And that, finally, concludes the majority of our search engine.
Viewing Pages
Another feature of the Web Search Tool is that it allows you to load any of the URLs from any of the listboxes into the Webster browser. If a search is not in progress, you can double-click a URL in any of the listboxes and it will be loaded by the Webster control. The code to make this happen is contained in Listing 14.6 but doesn't bear much explanation.
Also, because the Webster control allows the user to click on hypertext links and load the page the link points to, you'll want to disable this feature while a search is in progress. The best way to do this is by using the Webster control's DoClickURL event.
By setting the Cancel parameter to True within the event's code is done if the Search button is disabled, you prevent the Webster from loading the page pointed to by the URL that was clicked. Although not applicable for this application, this event can also be used to trap URLs that you want to prevent the user from accessing.
Listing 14.6 Code to load pages from the list boxes.
Private Sub lbURL_DblClick()
If cmdSearch.Enabled Then Webster1.LoadPage lbURL.Text, False
End Sub
Private Sub lbAnchor_DblClick()
If cmdSearch.Enabled Then Webster1.LoadPage lbAnchor.Text, False
End Sub
Private Sub lbFound_DblClick()
If cmdSearch.Enabled Then Webster1.LoadPage lbFound.Text, False
End Sub
Private Sub Webster1_DoClickURL(SelectedURL As String, Cancel As Boolean)
'if the search button is off, don't allow clicks
' (the program is still searching)
If Not (cmdSearch.Enabled) Then Cancel = True
End Sub
Testing The Application
This application is simple to test. After all the code is entered or copied from the CD-ROM, run the application. Make sure you have either an active Internet connection or have a Web server running locally.
--------------------------------------------------------------------------------
If you're running Windows 95 and would like to run a local Web server, I'd recommend O'Reilly and Associates WebSite server. An evaluation copy is included on the CD-ROM accompanying this book. Another good choice is the FrontPage Personal Web Server that ships with Microsoft's FrontPage Web site editor.
--------------------------------------------------------------------------------
Enter a URL into the URL To Add text box and click the Add URL button. Next, enter a string to search for on the page specified by the URL
Click the Search button and watch the action. You should see the page you specified load into the Webster browser. Then, if there are any links on that page, the Anchor List Box is filled with them and each page is loaded and searched. The URLs for any pages with matches are added to the Matched URLs list box.
Once the search is completed (the Search button turns back on), you can double-click any of the URLs to load the page into the Webster control. Then, use the Webster browser just like any other Web browser to surf to your heart's content.
For example, Figure 14.3 shows the results of searching the URL http://www.infi.net for the string cool.
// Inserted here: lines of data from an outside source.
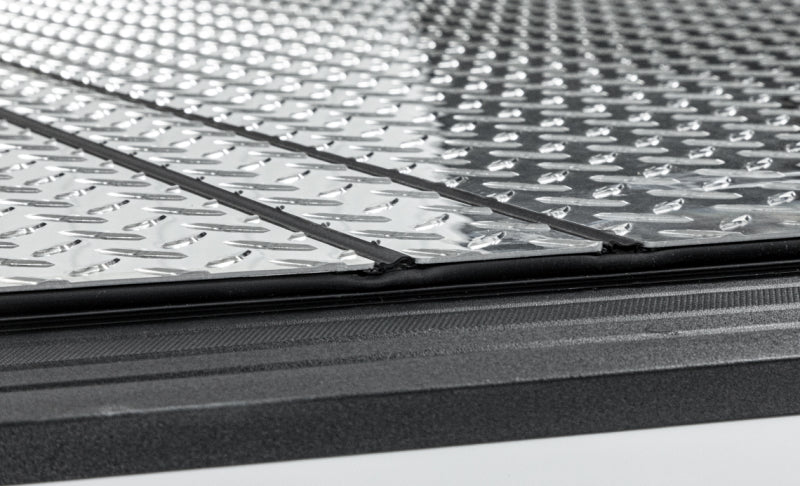 19-23 Ford Ranger I4 2.3L Access B0010069 LOMAX 6ft Bed Pro Series Tri-Fold Cover Blk Diamond Mist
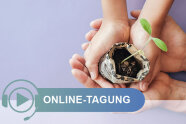 Hände halten ein Pflänzchen in Zeitungspapier gewickelt.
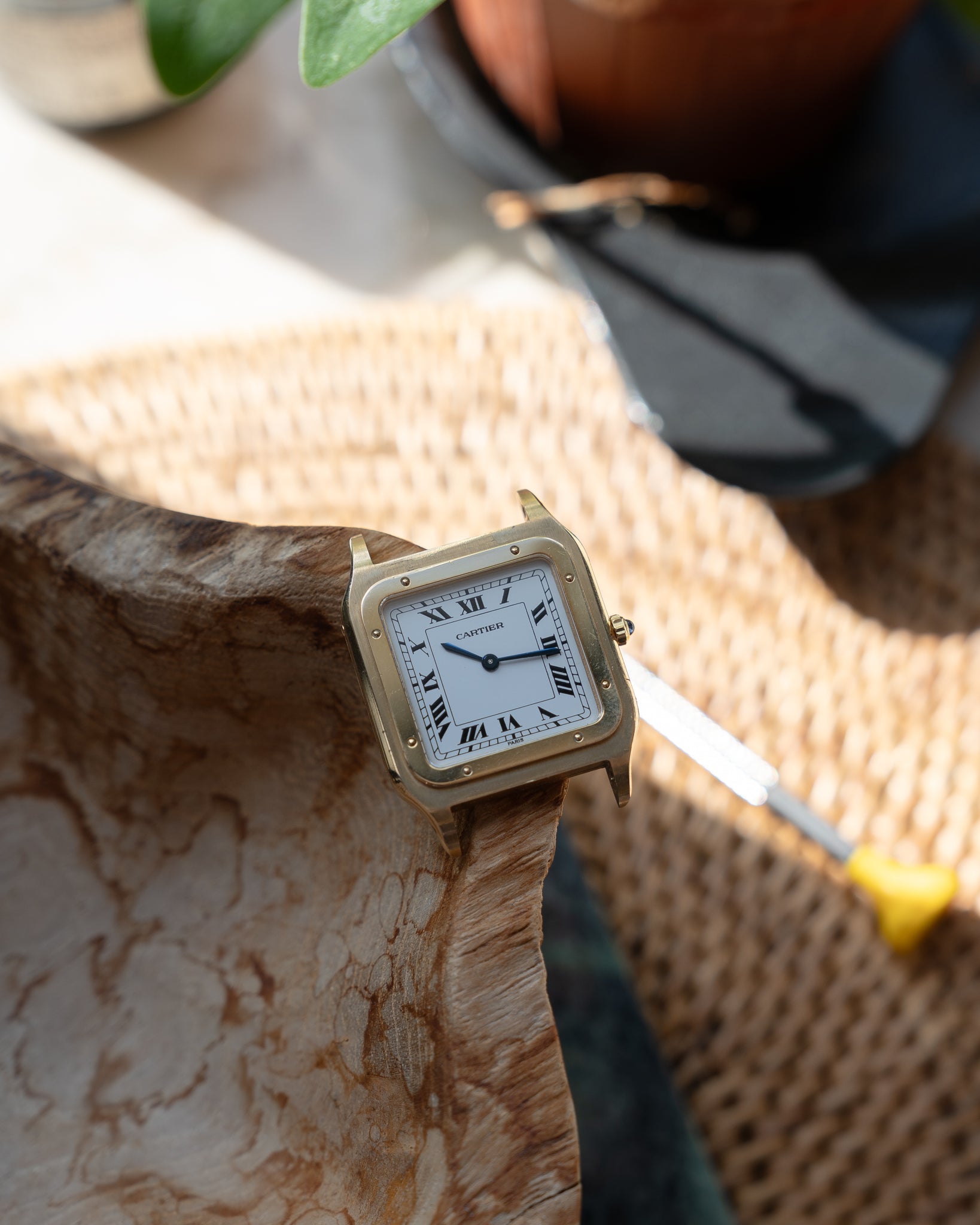 Cartier Santos-Dumont "Ultra Thin" LM size in 18k Yellow Gold with lifetime guarantee card, box & papers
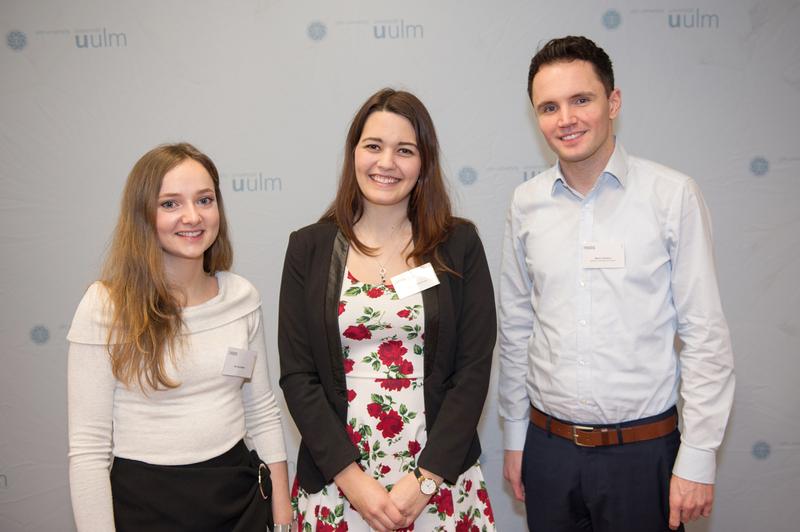 Die Studentinnen Martina Bader und Sandy Sue Spormann mit dem Vertreter ihres Stifters Mahle, Mario Giuliano (v.l.)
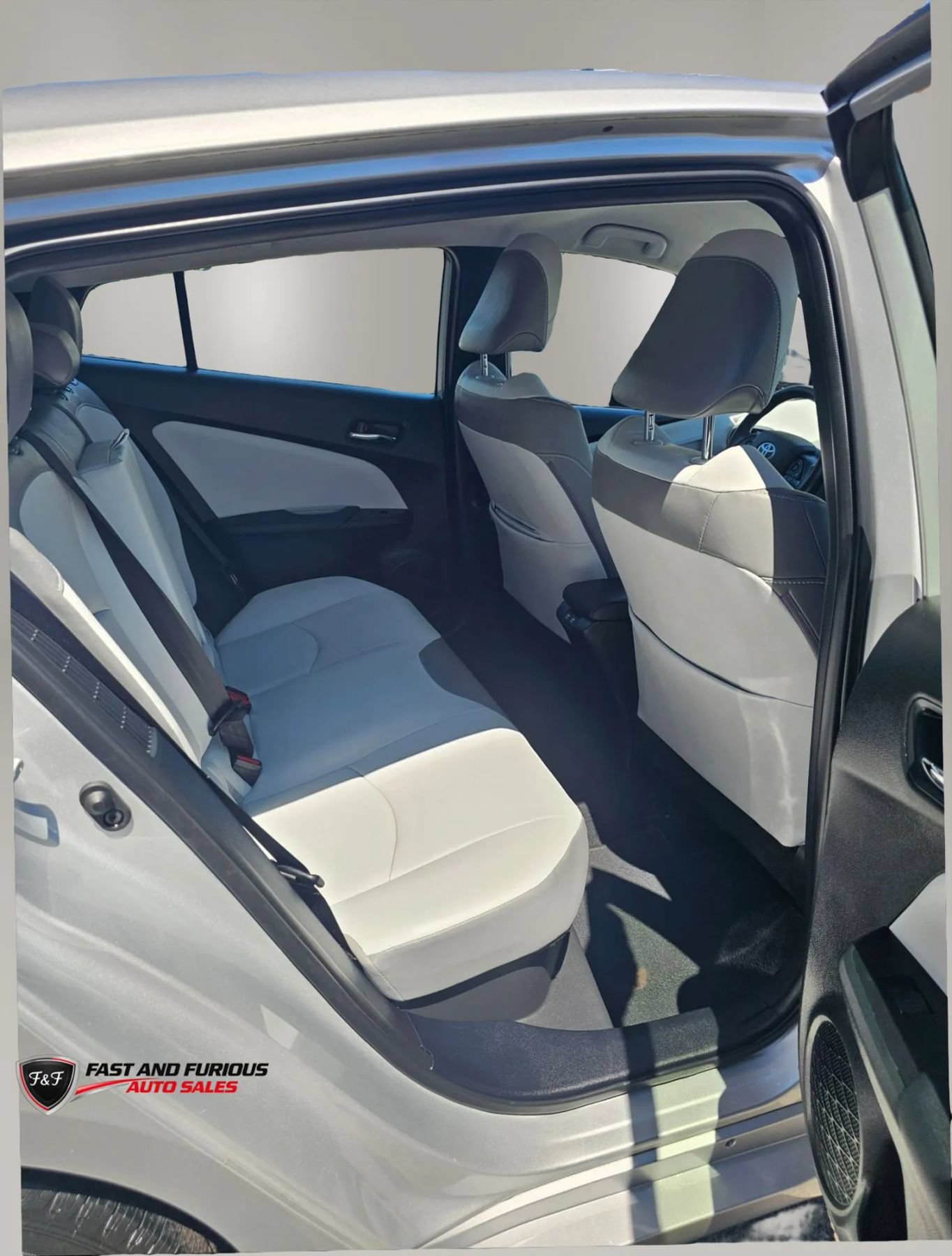Used 2021 Toyota Prius Prime XLE w/ Carpet Mat Package (TMS) FWD image 9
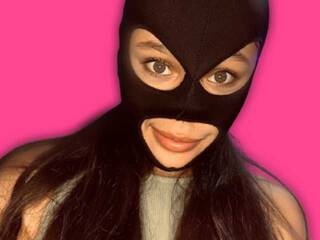 Erotični video klepet Nickymask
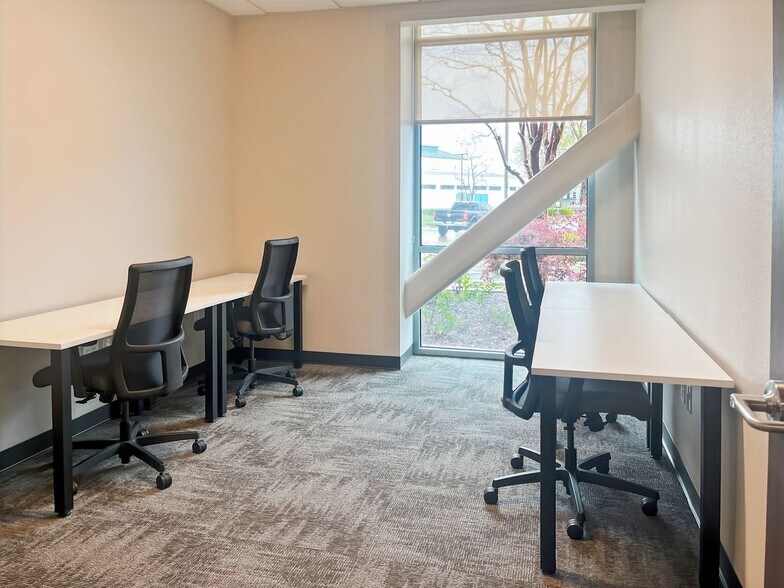 More Photos Of 265 E River Park Cir, Fresno Office For Lease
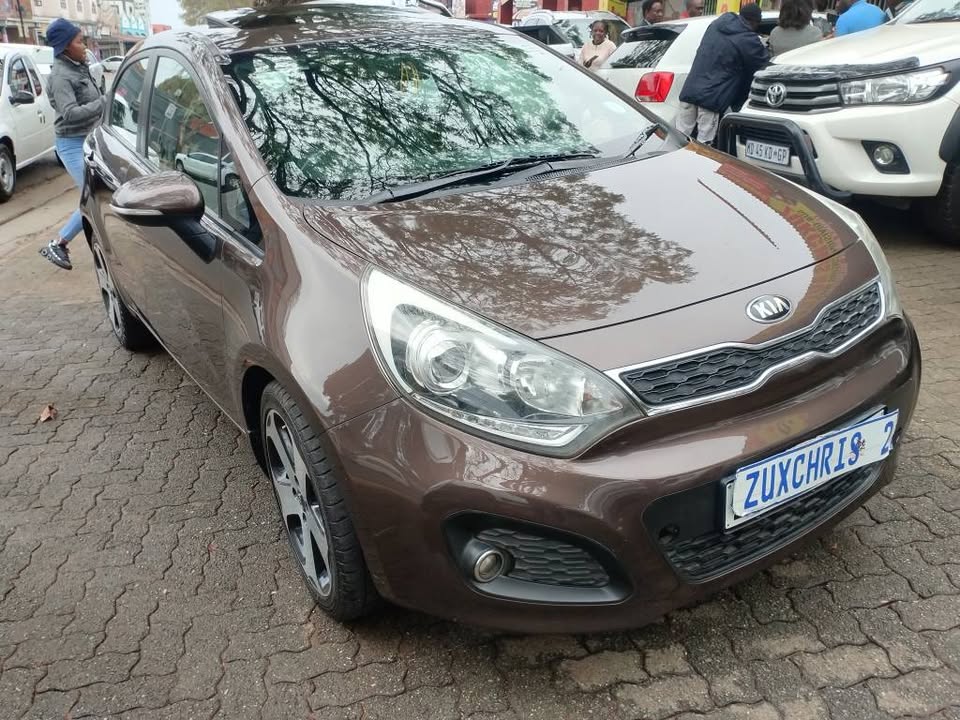 2015 KIA RIO 1.4TEC MANUAL
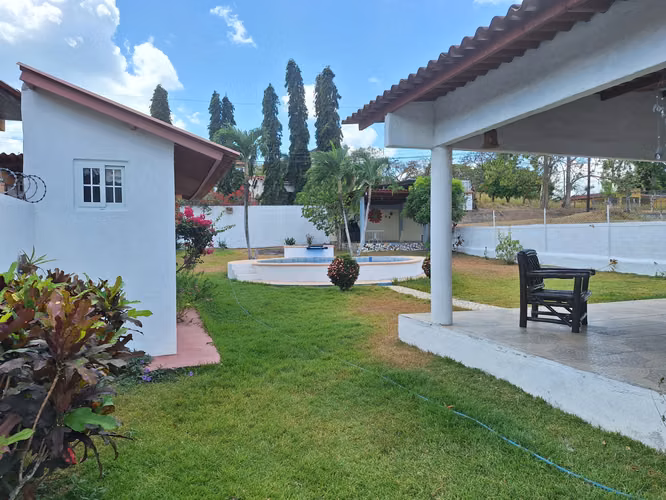Casa de Playa con Piscina y Jacuzzi en Costa Esmeralda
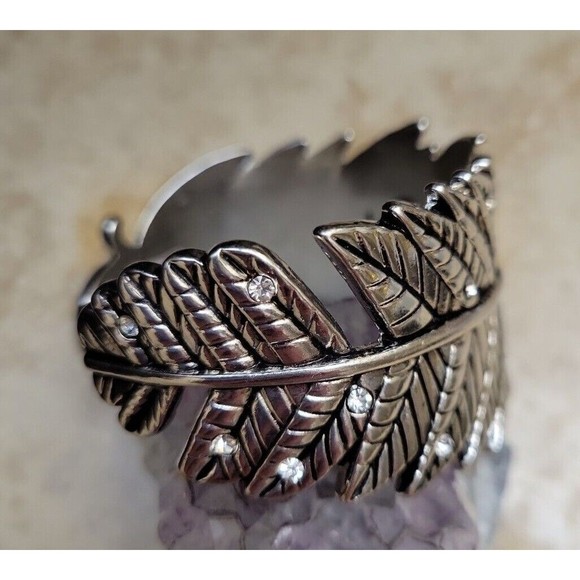 Guess Feather Rhinestone Design Silver Tone Cuff Bracelet Small Wrist - Picture 2 of 6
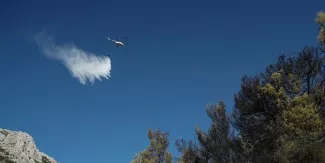 Un violent incendie ravage l'île d'Eubée en Grèce, des centaines de personnes évacuées.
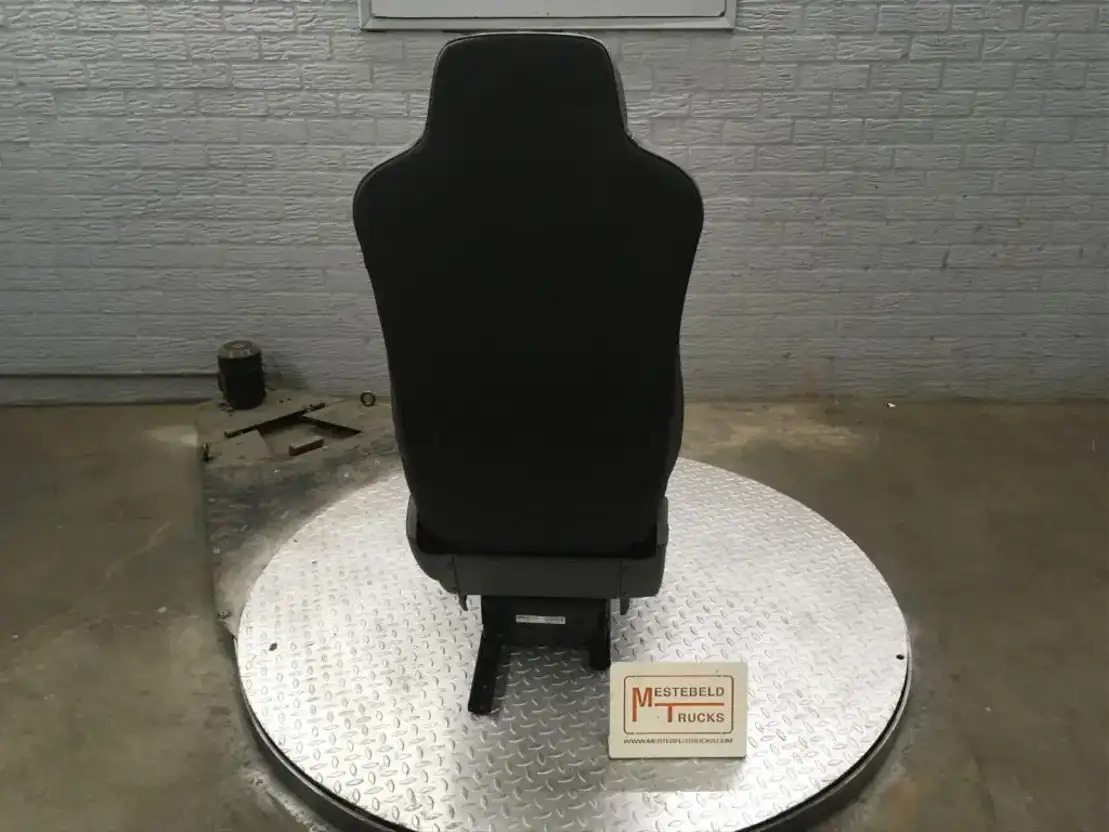 Mercedes-Benz Stoel bijrijderskant  - Сиденье для Грузовиков: фото 3 Mercedes-Benz Stoel bijrijderskant  - Сиденье для Грузовиков: фото 3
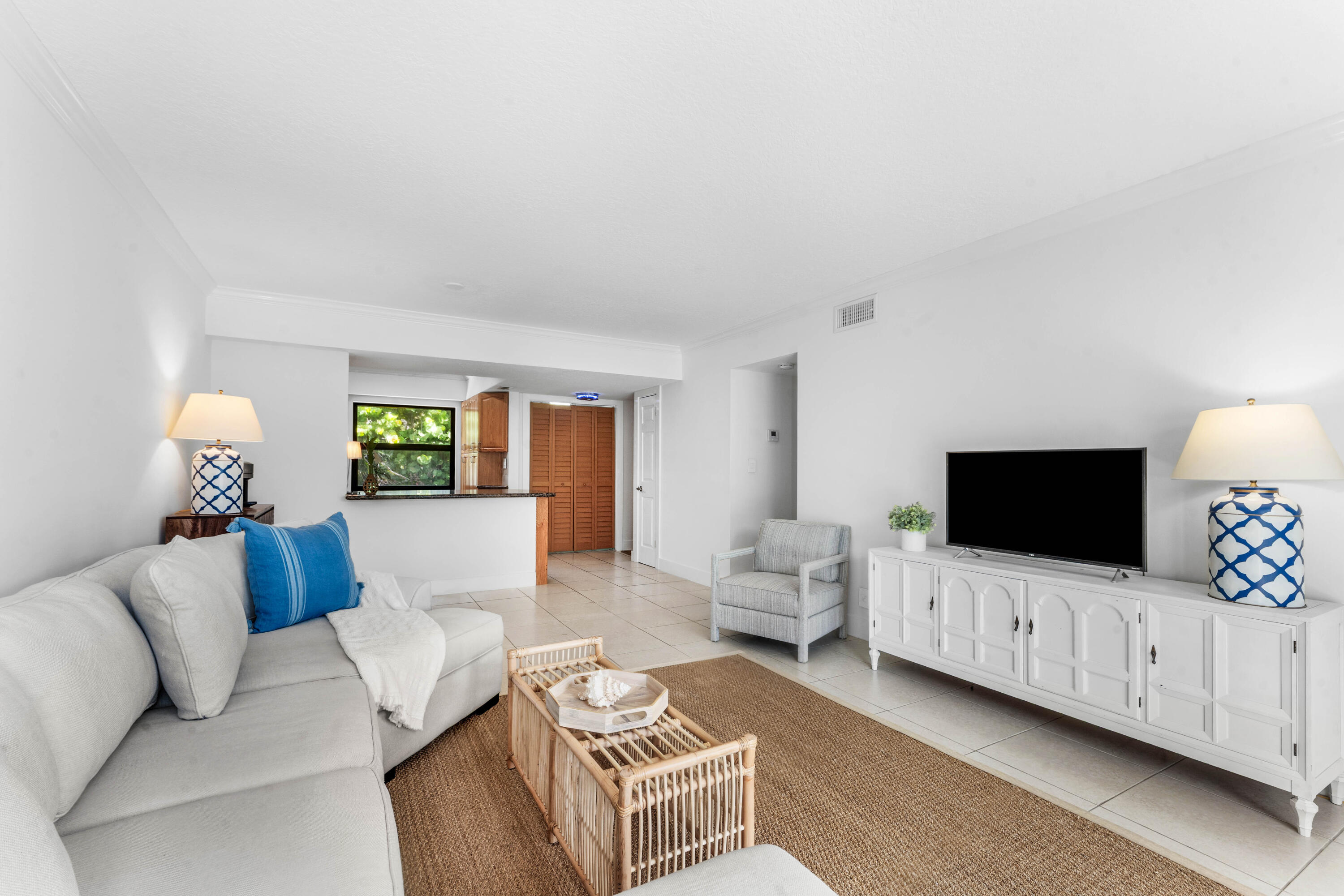 291 Mercury Road, Unit 4 Juno Beach, FL 33408 - Photo 14 of 35 014-291MercuryRoad-4-JunoBeach-FL-33408-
After the search filled the listboxes, I double-clicked the URL in the URL Search List box to re-load the starting page into the Webster control.
Figure 14.3. The Web Search Tool in action.
Other Directions
This sample application is not meant to be a fire-and-forget solution for searching the Web. Quite a few areas could be pursued, and I leave a few suggestions—ideas you can add.
Robots.txt support—This would allow you to target any server and find out whether it permits robots (such as this one) and what directories are off limits (see Chapter 12, "A Brief Introduction to Web Spiders and Agents").
Merciful timing—As discussed in Chapter 12, you should not rapid fire requests to servers. This may or may not happen during the execution of this sample application depending on the URLs you specify and the links contained within those URLs.
Recursion—Add the functionality to dig as deep as you want. This application recurs the users' specified links and the links within those pages. Without too much effort, you could add a textbox that takes a number, and instructs the program to search that many levels deep into the user-specified URLs anchors.
Ranked searching—Add the ability to perform Soundex and other types of searches so that matches can be made based on criteria other than just finding the exact text within the document. Note that this is a very advanced topic but mastery of such a searching mechanism can have very high rewards.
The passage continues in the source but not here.